03. WSL2 Memory and Performance Tuning
WSL2 by default consumes up to 50% of your system RAM or 8 GB, whichever is lower. On a machine with 32 GB this is fine. On a machine with 16 GB running Ollama, Docker, and a browser simultaneously, WSL2 memory growth will eventually hit the limit, trigger the Linux OOM killer, and crash your inference session without warning.
Check current memory use inside WSL2:
free -h
# total used free shared buff/cache available
# Mem: 7.7Gi 3.2Gi 4.4Gi 0.0Ki 1.0Gi 4.4Gi
The .wslconfig file at C:\Users\YOUR_USERNAME\.wslconfig controls WSL2's memory and CPU allocation. Create it if it does not exist:
[wsl2]
memory=12GB
processors=8
swap=8GB
localhostForwarding=true
This limits WSL2 to 12 GB RAM with 8 GB swap on the WSL2 virtual disk. The swap file lives in %USERPROFILE%\AppData\Local\wsl\swap.vhdx and grows dynamically. If the swap file reaches 100% and WSL2 cannot expand it (disk full or quota reached), you get silent failures.
Apply changes by shutting down WSL2:
wsl --shutdown
Then reopen Ubuntu. The new limits take effect immediately.
Performance-critical setting: localhostForwarding=true lets you access WSL2 services (Ollama on port 11434, for example) from the Windows host browser at http://localhost:11434. If this is false, you must use the WSL2 internal IP address, which changes after every wsl --shutdown.

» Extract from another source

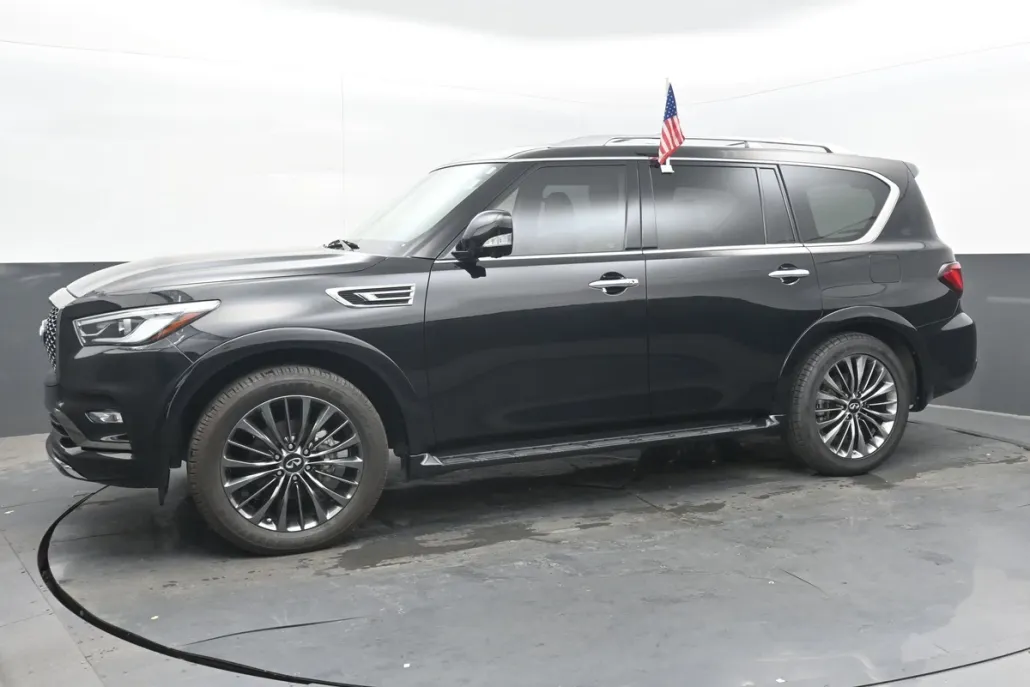 2021 Infiniti QX80 Premium Select photo 1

To find the current WSL2 IP:
hostname -I | awk '{print $1}'
Store this in an environment variable in PowerShell:
$env:WSL_IP = (wsl.exe hostname -I | ForEach-Object { $_.Split(' ')[0] })
Local verification checkpoint
Run the smallest example from this chapter in a local workspace and record the package version, runtime, data path, and observed output. If the result depends on model size, vector count, CPU/GPU backend, or available memory, note that constraint beside the exercise so the lesson remains reproducible.
Read your current .wslconfig, double the memory allocation, run wsl --shutdown, confirm the new limit in free -h inside Ubuntu, then restore the original value.